What you need to do: Below is a listing; restate from it, character for character, the lines beginning at the line holding "What I am sharing" and ending at the line holding "We spray with", both included.

Material supplied:
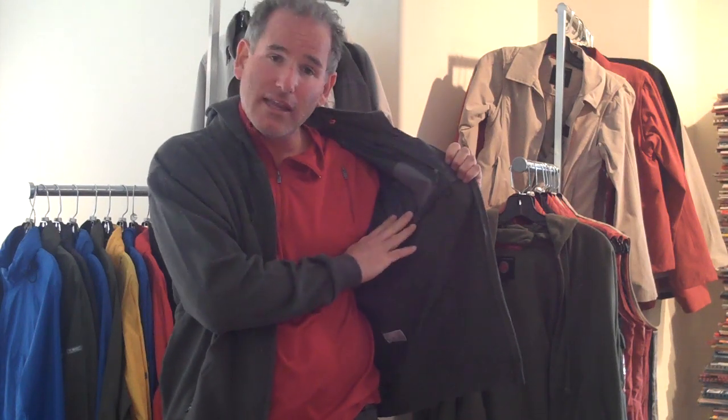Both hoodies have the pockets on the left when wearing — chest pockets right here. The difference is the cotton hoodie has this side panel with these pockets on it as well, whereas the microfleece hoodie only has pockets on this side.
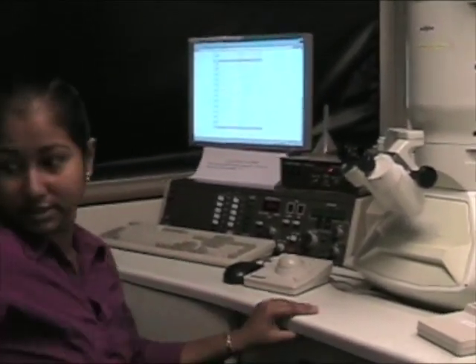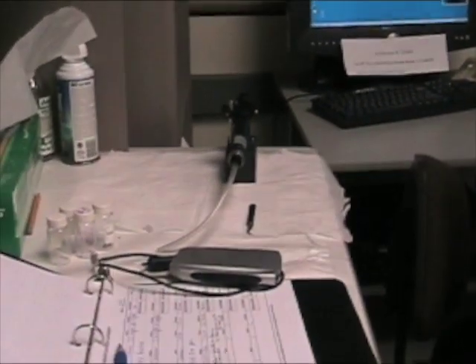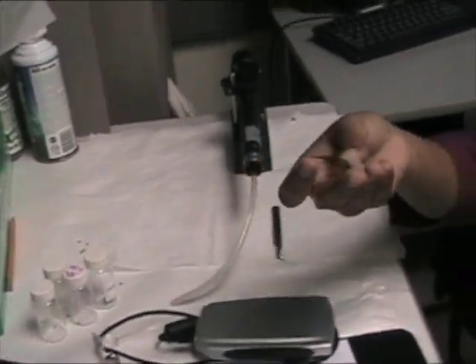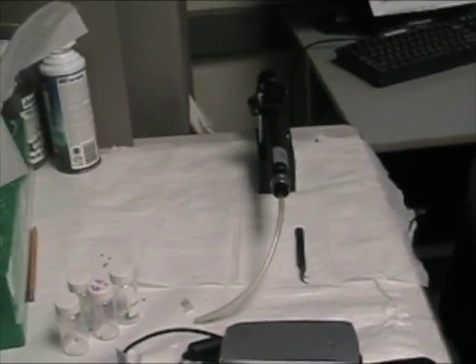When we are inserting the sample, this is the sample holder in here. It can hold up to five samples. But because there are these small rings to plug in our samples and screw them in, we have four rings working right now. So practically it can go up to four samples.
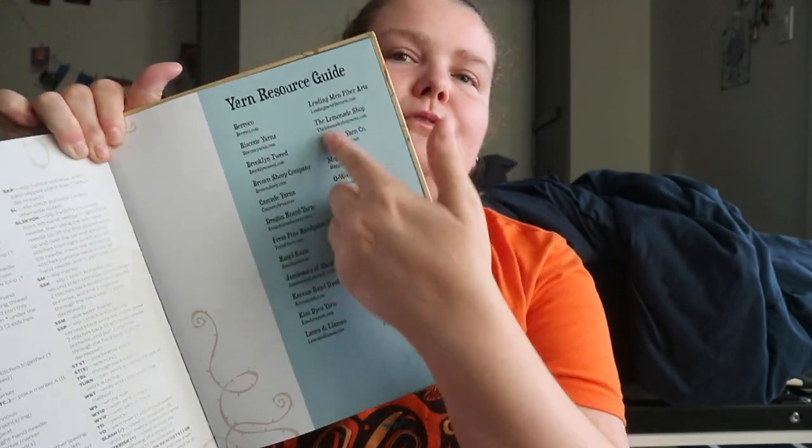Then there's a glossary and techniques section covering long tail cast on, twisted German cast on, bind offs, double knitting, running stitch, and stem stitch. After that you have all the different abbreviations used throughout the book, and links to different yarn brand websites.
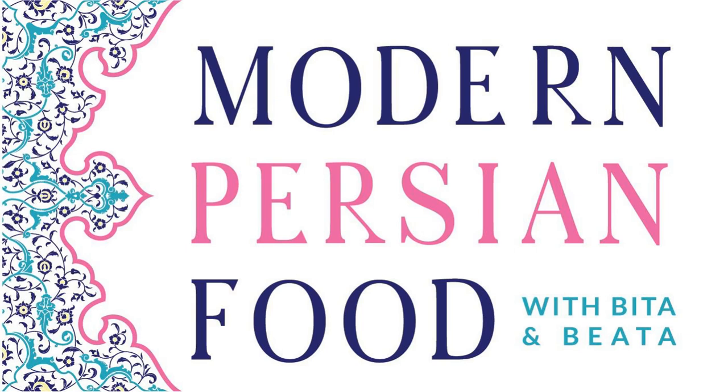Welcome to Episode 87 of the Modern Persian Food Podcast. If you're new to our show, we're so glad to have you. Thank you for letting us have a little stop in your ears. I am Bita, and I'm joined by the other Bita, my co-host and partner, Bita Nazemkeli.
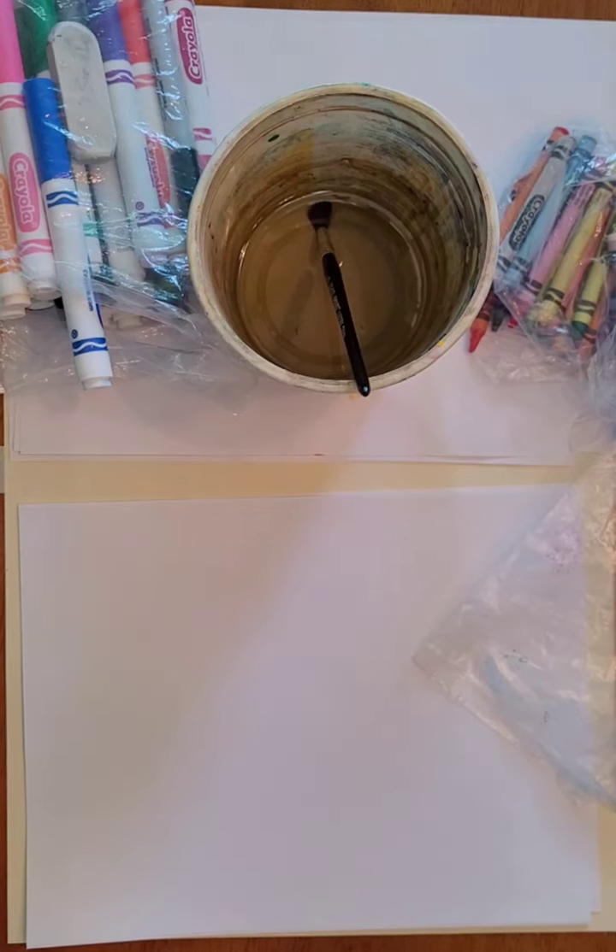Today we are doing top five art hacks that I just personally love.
---
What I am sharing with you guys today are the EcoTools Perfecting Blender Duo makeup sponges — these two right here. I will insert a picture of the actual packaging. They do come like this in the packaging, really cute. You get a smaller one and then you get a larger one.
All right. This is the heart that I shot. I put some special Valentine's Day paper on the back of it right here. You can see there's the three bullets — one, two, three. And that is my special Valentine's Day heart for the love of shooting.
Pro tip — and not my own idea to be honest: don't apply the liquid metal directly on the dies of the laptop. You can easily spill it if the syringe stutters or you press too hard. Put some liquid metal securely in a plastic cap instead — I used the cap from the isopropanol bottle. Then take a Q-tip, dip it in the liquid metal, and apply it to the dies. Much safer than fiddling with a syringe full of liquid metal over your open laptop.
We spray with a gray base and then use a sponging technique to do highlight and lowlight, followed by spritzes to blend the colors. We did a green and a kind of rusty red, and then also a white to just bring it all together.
==
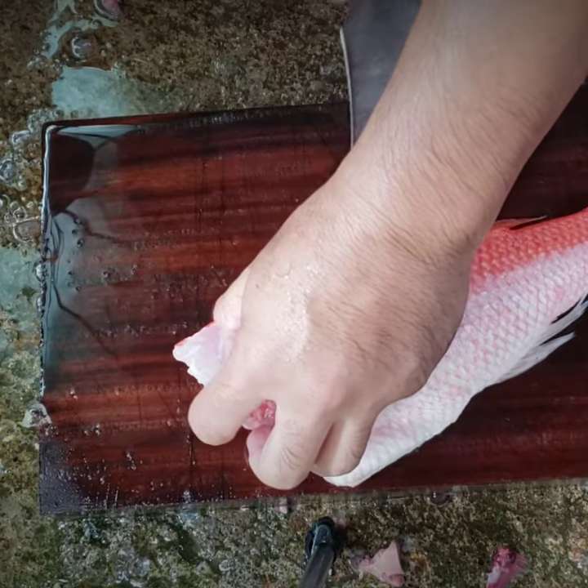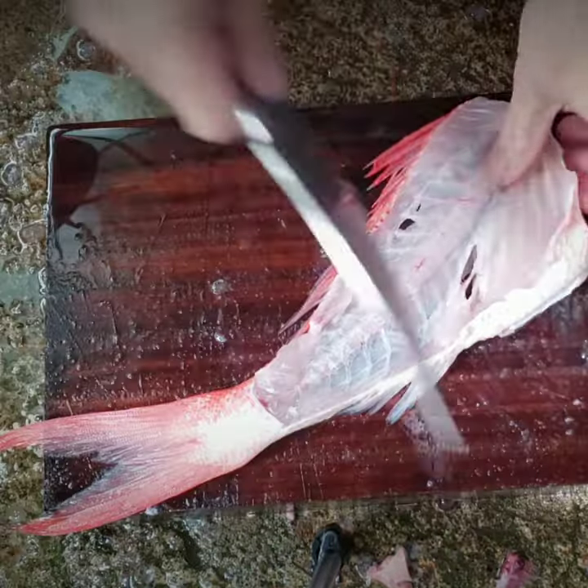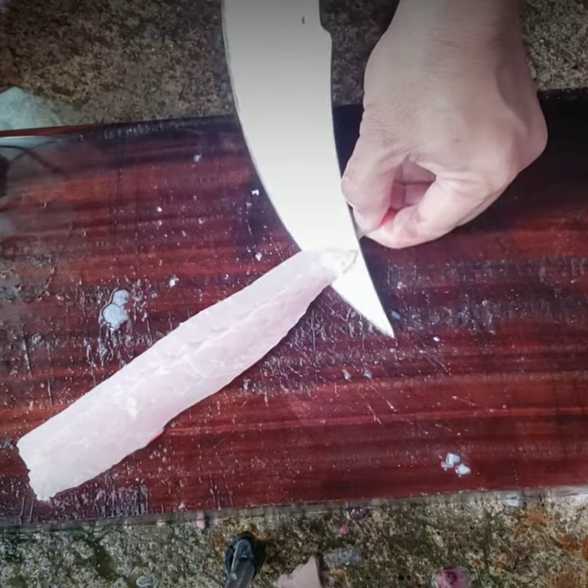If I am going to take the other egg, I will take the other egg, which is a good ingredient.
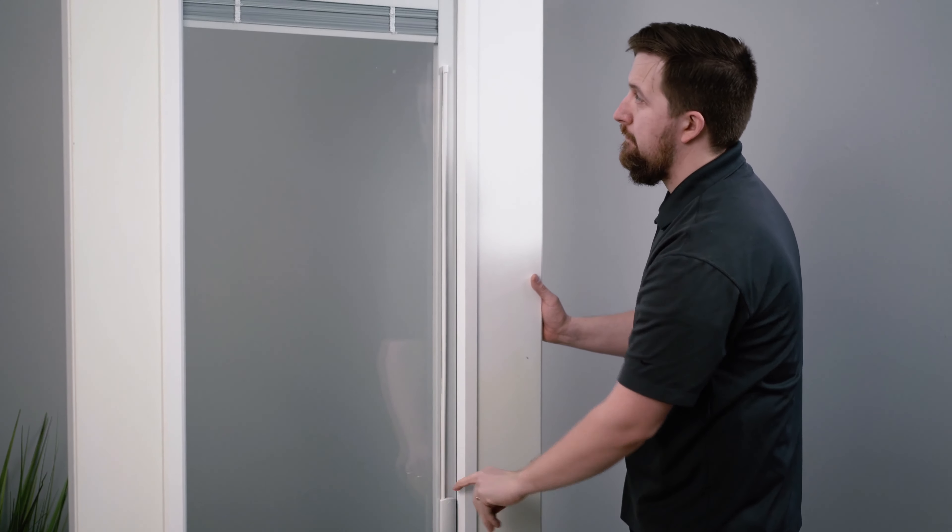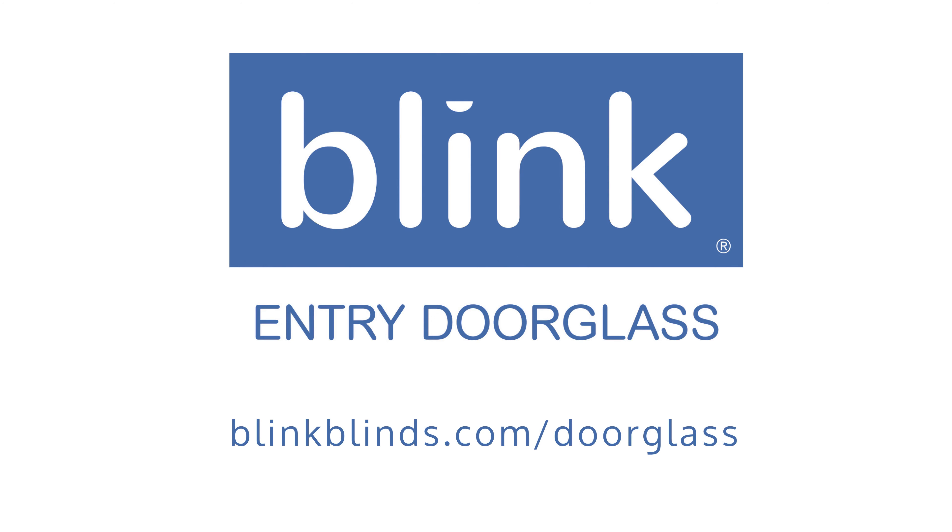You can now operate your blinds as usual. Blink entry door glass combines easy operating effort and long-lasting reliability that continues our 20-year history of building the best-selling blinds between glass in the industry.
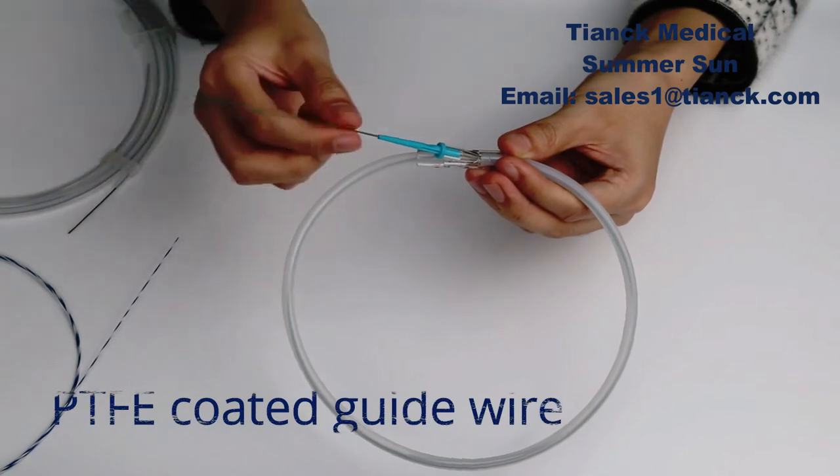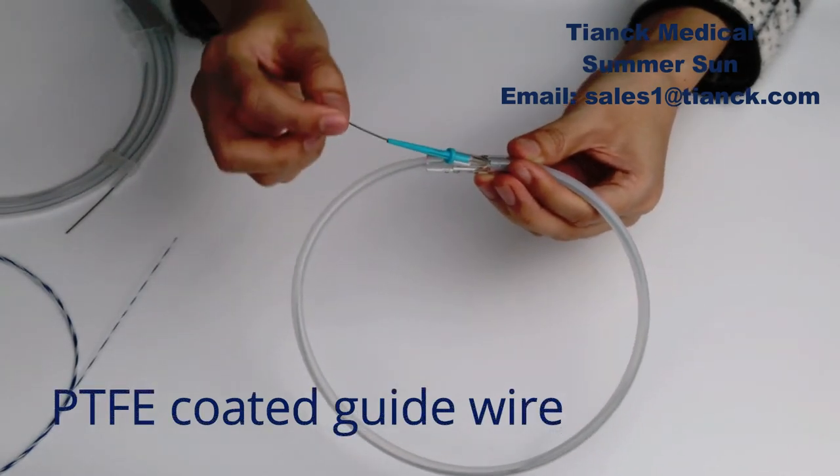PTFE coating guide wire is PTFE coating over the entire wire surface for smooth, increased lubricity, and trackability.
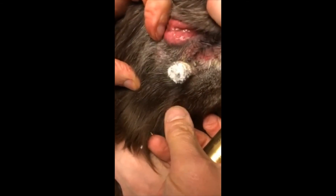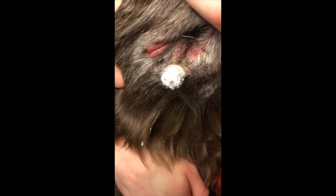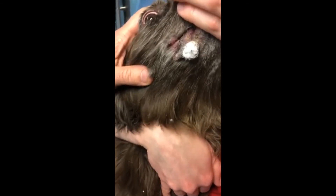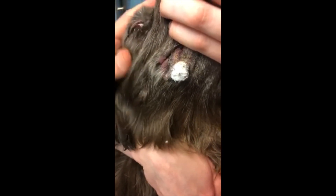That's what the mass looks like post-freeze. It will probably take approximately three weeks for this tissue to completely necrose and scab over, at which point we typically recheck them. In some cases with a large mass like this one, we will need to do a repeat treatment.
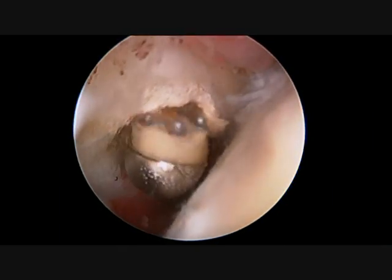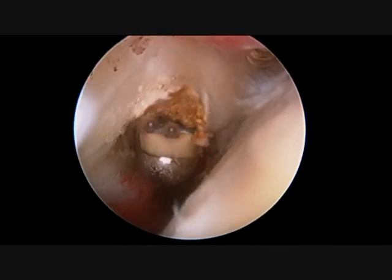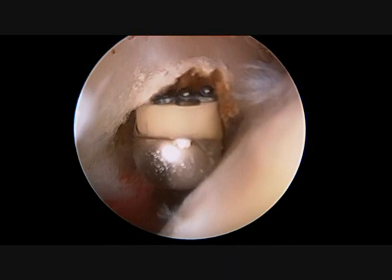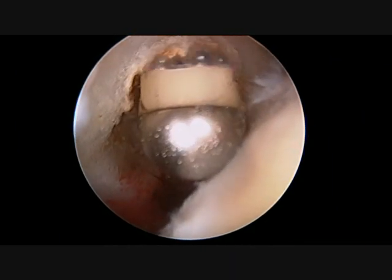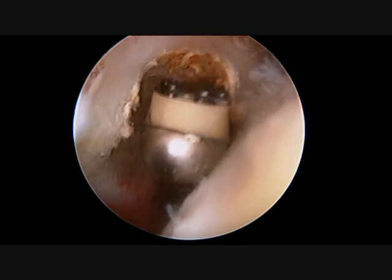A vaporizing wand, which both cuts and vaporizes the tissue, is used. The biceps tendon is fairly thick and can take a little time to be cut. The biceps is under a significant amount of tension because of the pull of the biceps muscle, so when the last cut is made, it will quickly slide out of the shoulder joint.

Answer for this exercise:
What I am sharing with you guys today are the EcoTools Perfecting Blender Duo makeup sponges — these two right here. I will insert a picture of the actual packaging. They do come like this in the packaging, really cute. You get a smaller one and then you get a larger one.
All right. This is the heart that I shot. I put some special Valentine's Day paper on the back of it right here. You can see there's the three bullets — one, two, three. And that is my special Valentine's Day heart for the love of shooting.
Pro tip — and not my own idea to be honest: don't apply the liquid metal directly on the dies of the laptop. You can easily spill it if the syringe stutters or you press too hard. Put some liquid metal securely in a plastic cap instead — I used the cap from the isopropanol bottle. Then take a Q-tip, dip it in the liquid metal, and apply it to the dies. Much safer than fiddling with a syringe full of liquid metal over your open laptop.
We spray with a gray base and then use a sponging technique to do highlight and lowlight, followed by spritzes to blend the colors. We did a green and a kind of rusty red, and then also a white to just bring it all together.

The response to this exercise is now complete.